Professor: Oh, I don’t think so. The positions aren’t very hard, especially for veteran analysts such as the two of you. Besides, they can be treated conceptually, almost without concrete analysis.

Zephyr: Okay, Professor, what are the positions in question?

Question 3: Does the extra h-pawn change the result?

Question 4: Using the g-pawn for king shelter, can White now force a win?

Question 5: Does having an extra f-pawn, instead of an extra g-pawn, change the position’s evaluation?

Professor: There you have it: three similar positions, in each case White having an additional pawn. I’d like to know how the additional pawn affects each position, if it does, and if the result is based on White having the move. Of course, I expect you to substantiate your thinking with explanation and, if necessary, actual moves.

Zephyr: The problems may not be hard, but do we have to write down a lot of moves?

Lucian: Together with explanations?

Professor: I don’t think you need to write down many moves. As long as you can justify your conclusions. Oh, and you’re not done yet.

Zephyr: What do you mean, Professor?

Lucian: Is there something else?

Professor: It must have slipped my mind. There’s another position. You might as well take a look at it now.

Question 6: Does White have a forced win?

Professor: In the previous few examples, we’ve been adding a second pawn for White, so I thought I’d balance it out a smidgen and add a pawn for Black.

Lucian: That was very thoughtful of you, Professor.

Zephyr: I think this is one of those lessons where maybe you should summarize what we must do.

Professor: I’d be happy to. Please do the following.

In summary, answer questions 1 through 6 and give explanations where helpful or needed.

Zephyr: Gee, thanks Professor.

Answers below - Try to solve Professor Pando's puzzle first!

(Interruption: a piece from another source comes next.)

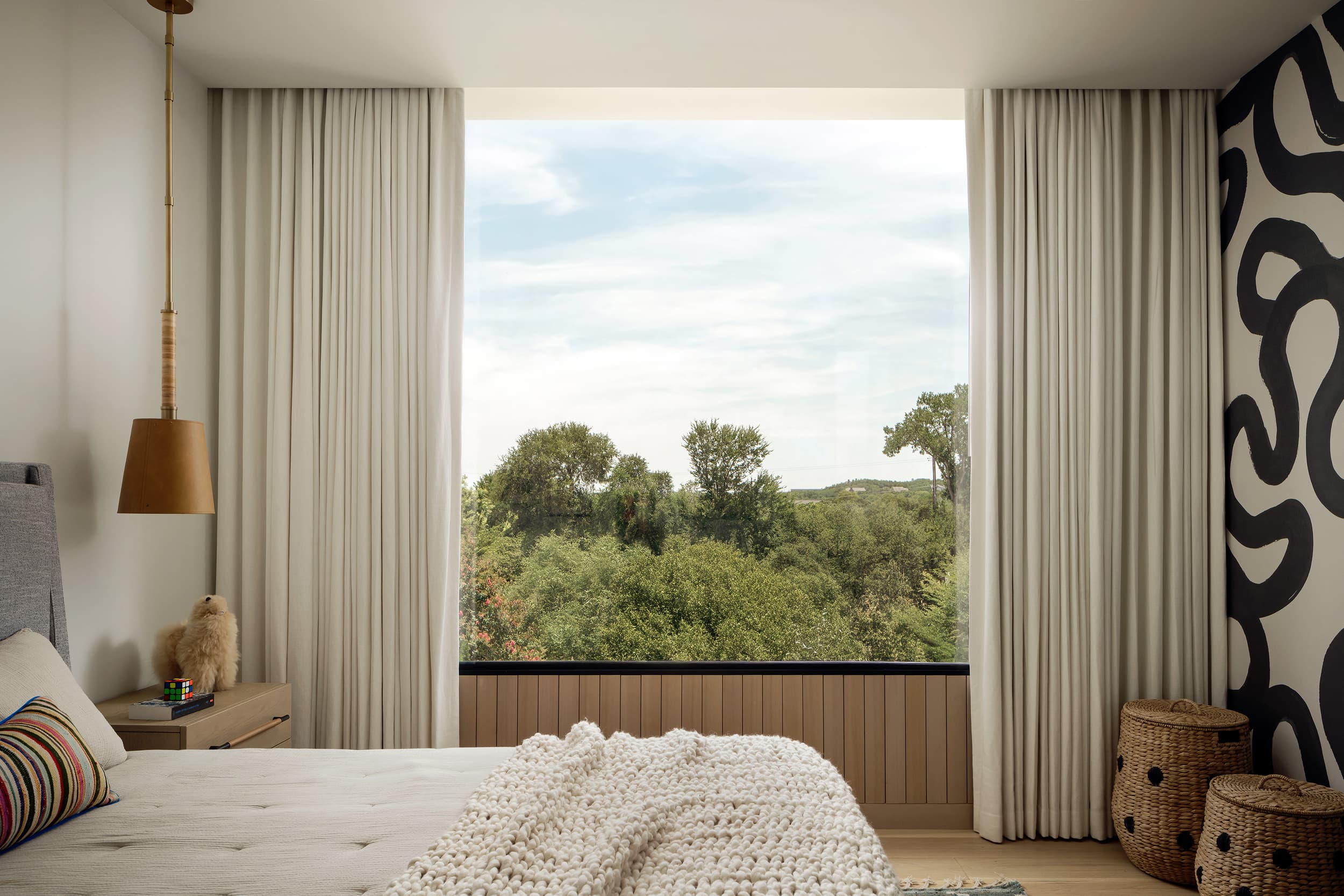 Timberline Residence - Bedroom View; A Parallel Architecture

Answer 1: For question 1, White wins by 1. Rh8!. After 1…Rxa7, which is essentially forced, Black drops the rook to the skewer, 2. Rh7+. Take note: If it were Black’s move to start with, Black could hold the position by 1…Kg7!, preventing a rook trick.

Answer 2: For question 2, the answer is that White shouldn’t play 1. a7?. That only leads to a draw, since the black rook can then annoy the white king with pesky checks, starting with 1…Rc1+, and the white king has no place to hide.

Instead, White wins by 1. Kb6. A sample variation is 1…Rb1+ 2. Ka7 Rb2 3. Rb8 Ra2 4. Kb7 Rb1+ 5. Ka8 Ra1 6. a7 Ra1 7. Kb7 Rb1+ 8. Kc6 Rc1+ 9. Kd5 Rd1+ 10. Ke4 Re1+ 11. Kf3 Rf1+ 12. Kg2 Ra1 13. a8/Q and wins.

Answer 3: For question 3, the answer is that even with an extra h-pawn the position is still drawn. Moreover, it doesn’t matter who moves first.

Answer 4: For question 4, the answer is that even having an extra g-pawn, with the ability of White’s king to find shelter from checks, White still can’t force a win. The situation is still drawn. Nor does it matter who moves first.

Answer 5: For question 5, the answer is that an extra f-pawn does make a difference, and it doesn’t matter who moves first. White simply advances the f-pawn up the board. It doesn’t even need protection. Let’s say it’s White’s move to start. A sample variation would be 1. f4 Ra2 2. f5 Ra1 3. f6+.

Obviously, the pawn can’t be captured, 3…Kxf6, since White would then with 4. Rf8+. But no better is 3…Kh7, since 4. f7 then wins. Meanwhile, 3…Kf7 runs right into another rook trick, 4. Rh8!.

Answer 6: For question 6, the answer is that White wins with 1. e6!.

If Black then plays 1…Kxe6, White wins with 2. Re8+.

If Black instead plays 1…fxe6, White wins with 2. Rh8 -- another rook trick.

Finally, if Black plays a temporizing move like 1…Ra2, White wins with 2. exf7 Kxf7 3. Rh8 -- a closing rook trick.

Take note

Occasionally, a rook can function adequately from in front of a pawn, but most of the time rooks contend with advancing pawns better from behind. When placement behind a passed pawn is not possible or desirable, a rook can often operate beautifully from the flank, especially if it can adequately harass the opposing king. To that end, such a pestering rook generally gets more annoying the farther away it is from its intended target. That way, the rook itself is harder to harass. We say that a rook sufficiently far away to be able to function at full strength has the so-called “checking distance.”